Le vers libre de Pelletier est d’une amplitude de huit à quatorze syllabes, en moyenne. Il est tout à fait remarquable ; sans être cadencé (mètre régulier ou pair systématique par exemple), il parvient à une sorte de fluidité rythmique sans heurt mais sans rien devoir non plus à la musique répétitive. On a vraiment l’impression que cette « machine lyrique » (p.37) pourrait tout mouliner, y compris le désespoir, avec une continuité tranquille de fleuve.
Une dernière remarque, cette mention étonnante et belle, sur la page ISBN : « L’éditeur remercie Marc Leymarios de lui avoir fait connaître Alexis Pelletier. » Que l’éditeur remercie celui qui lui a permis de découvrir l’œuvre qu’il édite est un beau geste, peut-être difficile à imaginer hors poésie.

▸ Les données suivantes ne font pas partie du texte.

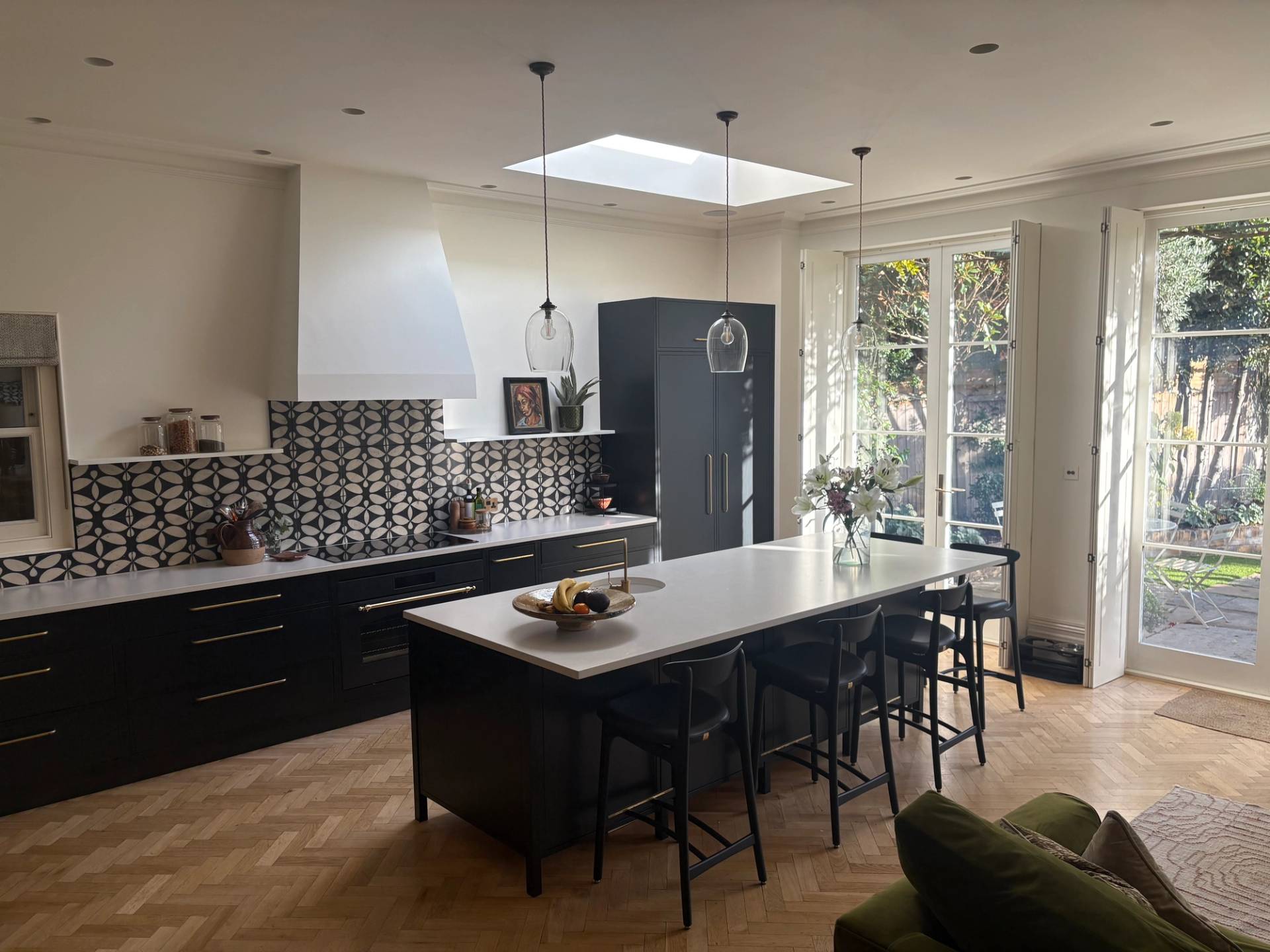  Modern kitchen shoot space in a Victorian home in Twickenham TW1 from Love Locations, featuring a central kitchen island with bar stools, dark cabinetry, white marble countertops, and skylights.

Il est aussi des livres pour lesquels le lecteur souhaiterait remercier l’éditeur : c’est le cas présent.
[Antoine Emaz]
NOTE
Le même « refus de l’époque », mais dans un registre très différent, humoristique et farfelu, autant que désespéré, s’exprime dans un petit livre, Psalmlash (éd. Vincent Rougier, col. Plis urgents, n°27), avec des gravures de Vincent Rougier. On retrouve avec plaisir ce personnage, aussi noir que loufoque, digne héritier de Michaux et Beckett, qu’Alexis Pelletier avait déjà fait exister dans trois livres chez Tarabuste.